[Records from a data collection]
= = =
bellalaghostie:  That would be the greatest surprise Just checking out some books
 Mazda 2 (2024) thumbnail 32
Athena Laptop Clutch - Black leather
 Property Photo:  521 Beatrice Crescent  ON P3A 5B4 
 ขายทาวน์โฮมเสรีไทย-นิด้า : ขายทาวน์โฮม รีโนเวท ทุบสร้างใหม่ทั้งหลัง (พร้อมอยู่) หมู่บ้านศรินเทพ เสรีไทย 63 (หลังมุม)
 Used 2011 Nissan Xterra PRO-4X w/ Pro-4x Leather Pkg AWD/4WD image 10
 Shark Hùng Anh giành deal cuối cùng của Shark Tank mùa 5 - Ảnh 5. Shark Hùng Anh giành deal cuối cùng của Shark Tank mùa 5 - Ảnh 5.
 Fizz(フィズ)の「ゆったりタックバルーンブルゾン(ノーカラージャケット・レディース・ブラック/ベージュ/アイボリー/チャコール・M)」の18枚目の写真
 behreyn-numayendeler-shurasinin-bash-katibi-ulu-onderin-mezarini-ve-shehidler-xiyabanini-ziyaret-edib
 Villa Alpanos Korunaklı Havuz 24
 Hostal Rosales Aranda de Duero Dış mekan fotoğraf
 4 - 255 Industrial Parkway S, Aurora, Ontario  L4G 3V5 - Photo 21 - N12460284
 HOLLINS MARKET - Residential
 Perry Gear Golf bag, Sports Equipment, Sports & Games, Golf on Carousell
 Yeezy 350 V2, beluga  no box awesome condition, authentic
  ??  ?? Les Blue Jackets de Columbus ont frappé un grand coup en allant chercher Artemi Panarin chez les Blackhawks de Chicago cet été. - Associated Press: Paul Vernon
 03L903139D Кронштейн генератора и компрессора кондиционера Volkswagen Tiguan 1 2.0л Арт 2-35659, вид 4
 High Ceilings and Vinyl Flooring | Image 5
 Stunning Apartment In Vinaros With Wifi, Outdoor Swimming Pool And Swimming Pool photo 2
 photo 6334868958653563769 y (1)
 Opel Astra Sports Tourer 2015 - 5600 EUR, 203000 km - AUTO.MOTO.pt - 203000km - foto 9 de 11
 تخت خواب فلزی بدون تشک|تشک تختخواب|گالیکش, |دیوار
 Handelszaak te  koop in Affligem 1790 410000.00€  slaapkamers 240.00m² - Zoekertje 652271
= = =
— Directions for this task —
Copy out each line in the preceding records that contains "Sports".

— Solution to the exercise —
 Perry Gear Golf bag, Sports Equipment, Sports & Games, Golf on Carousell
 Opel Astra Sports Tourer 2015 - 5600 EUR, 203000 km - AUTO.MOTO.pt - 203000km - foto 9 de 11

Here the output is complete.